I will miss the “Douglas Crockford of browsers”
Wednesday, February 13th, 2013 at 1:27 pmOpera today announced that they are ditching their own Presto rendering engine for Webkit and V8. More details as to what that means for developers are on the ODIN blog. The reasons are reasons you expect a commercial company to give:
To provide a leading browser on Android and iOS, this year Opera will make a gradual transition to the WebKit engine, as well as Chromium, for most of its upcoming versions of browsers for smartphones and computers.
Two things led to this: Apple not allowing any other engine on iOS (which means that Opera for iOS, or ICE will be the same as Chrome on iOS – not really quite the other browser but a shell with the iOS engine under it) and developers building for webkit only and sites breaking in Opera. As Peter-Paul Koch put it:
Note carefully what this means: we web developers haven’t been doing our jobs properly. We didn’t bother to test our mobile sites on Opera Mini, even though it’s roughly as large as Safari iOS and Android.I see this as a personal fail. I evidently haven’t been outspoken enough on the topic. I should have yelled in everybody’s ear until they did the proper thing.
It’s our own fault.
Content not showing up or showing up broken in your product is terrible for a commercial company – the web is never wrong, if your browser shows it wrongly it is your fault, right?
Wrong. I always called Opera the Douglas Crockford of browsers as it was ruthless in its implementation of standards. If something didn’t work in Opera there is a good chance that you did something wrong. Even better – fixing it in Opera in most cases meant looking at how the W3C standard meant things to work and write your code accordingly, which in most cases meant no change in other browsers, but cleaner code overall. Opera was my linting tool.
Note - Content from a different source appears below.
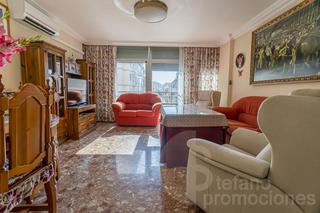 Piso en Los Castillejos - La Trinidad. Amplia y luminosa vivienda de esquina totalmente reformada en el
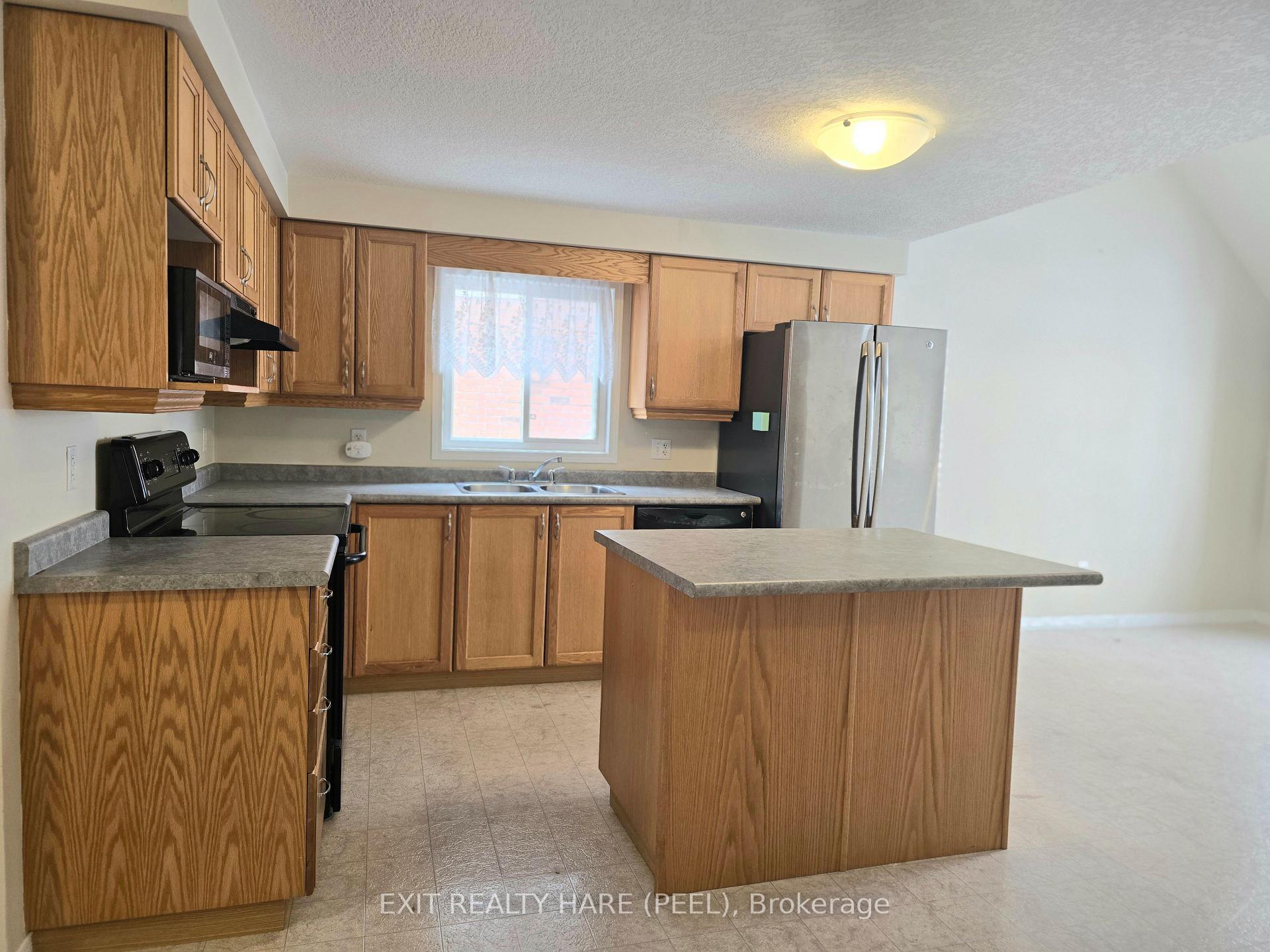 Photo 8 of 324 Mountain Laurel Crescent, Kitchener — HOMEH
Big whoop, so what? Everybody uses Webkit, it is open source, and it is the best browser as everything just works, right? Again, I don’t feel good about this. As my colleague Robert O’Callahan put it:
Some people are wondering whether engine diversity really matters. “Webkit is open source so if everyone worked together on it and shipped it, would that be so bad?” Yes. Web standards would lose all significance and standards processes would be superceded by Webkit project decisions and politics. Webkit bugs would become the standard: there would be no way for developers to test on multiple engines to determine whether an unexpected behavior is a bug or intended.
Ex-Netscape employee and CSS working group chair Daniel Glazman agrees:
For the CSS Working Group, that’s an earthquake. One less testing environment, one less opportunity to discover bugs and issues.
Jake Archibald of the Chrome devrel team shares my views of Opera as a great testing platform, so much that when they were wrong, he just assumed it was his fault:
I develop in Chrome, then check stuff in Safari & Firefox. Usually, this would be painless, everything would be as expected (usually). Testing in IE and Opera was often less fun. But here’s the difference, things would be wrong in IE because of bugs, whereas things would be wrong in Opera because they were adhering to the spec (I’m generalising, of course). When Opera did the wrong thing with appcache FALLBACK entries I poured over the spec for a couple of hours on the assumption they were doing it right and the others were doing it wrong. Turns out Opera had a bug, but if any other browser was behaving so differently I’d have instantly assumed it was that browser getting it wrong.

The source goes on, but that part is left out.